1. Strategy for Implementing auto_avg:
- The strategy for implementing auto_avg involved first automatically determining a clipping parameter, b, based on the 99th percentile of the data. Clipping limits the influence of extreme values. I then split the privacy budget epsilon equally between the sum and count queries, using the Laplace mechanism to add noise. Finally, I calculated the differentially private average by dividing the noisy sum by the noisy count.
2. Privacy Cost Argument:
- The total privacy cost of auto_avg is bounded by epsilon. I split the privacy budget evenly between the sum and the count operations, allocating epsilon/2 to each. Since both operations adhere to the Laplace mechanism’s guarantees, the combined privacy cost of the function is the sum of the two, which equals epsilon.
3. Solution Performance:
- The solution worked well for all three example columns after adjusting the clipping parameter to the 99th percentile. Initially, it didn’t work well for the fnlwgt column because the values were much larger and more skewed, requiring more aggressive clipping. After this adjustment, the solution handled all columns adequately.

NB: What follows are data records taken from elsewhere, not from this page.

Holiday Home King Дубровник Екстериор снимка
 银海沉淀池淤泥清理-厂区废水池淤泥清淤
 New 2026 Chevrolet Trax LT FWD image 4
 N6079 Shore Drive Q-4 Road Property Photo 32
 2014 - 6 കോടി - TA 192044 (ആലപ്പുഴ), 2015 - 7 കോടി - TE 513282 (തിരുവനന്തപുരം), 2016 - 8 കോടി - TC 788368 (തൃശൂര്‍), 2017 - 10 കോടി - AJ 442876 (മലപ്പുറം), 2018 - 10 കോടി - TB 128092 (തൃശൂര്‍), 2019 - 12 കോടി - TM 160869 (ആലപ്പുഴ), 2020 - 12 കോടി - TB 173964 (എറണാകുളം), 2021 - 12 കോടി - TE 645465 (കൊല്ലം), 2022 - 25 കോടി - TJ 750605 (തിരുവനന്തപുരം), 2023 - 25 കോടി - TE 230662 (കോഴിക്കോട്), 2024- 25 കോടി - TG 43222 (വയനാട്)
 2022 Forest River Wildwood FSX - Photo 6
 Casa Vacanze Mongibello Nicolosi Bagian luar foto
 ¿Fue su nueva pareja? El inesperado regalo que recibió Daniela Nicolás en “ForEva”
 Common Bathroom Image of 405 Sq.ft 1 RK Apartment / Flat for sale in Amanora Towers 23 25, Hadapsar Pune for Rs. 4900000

4. When the Solution May Not Work Well:
- The solution might not work well with datasets that have extremely skewed or heavy-tailed distributions, where even the 99th percentile doesn’t effectively limit outliers. Additionally, if the dataset is very small or has a high proportion of outliers, the added noise could disproportionately affect the result, leading to less accurate differentially private averages.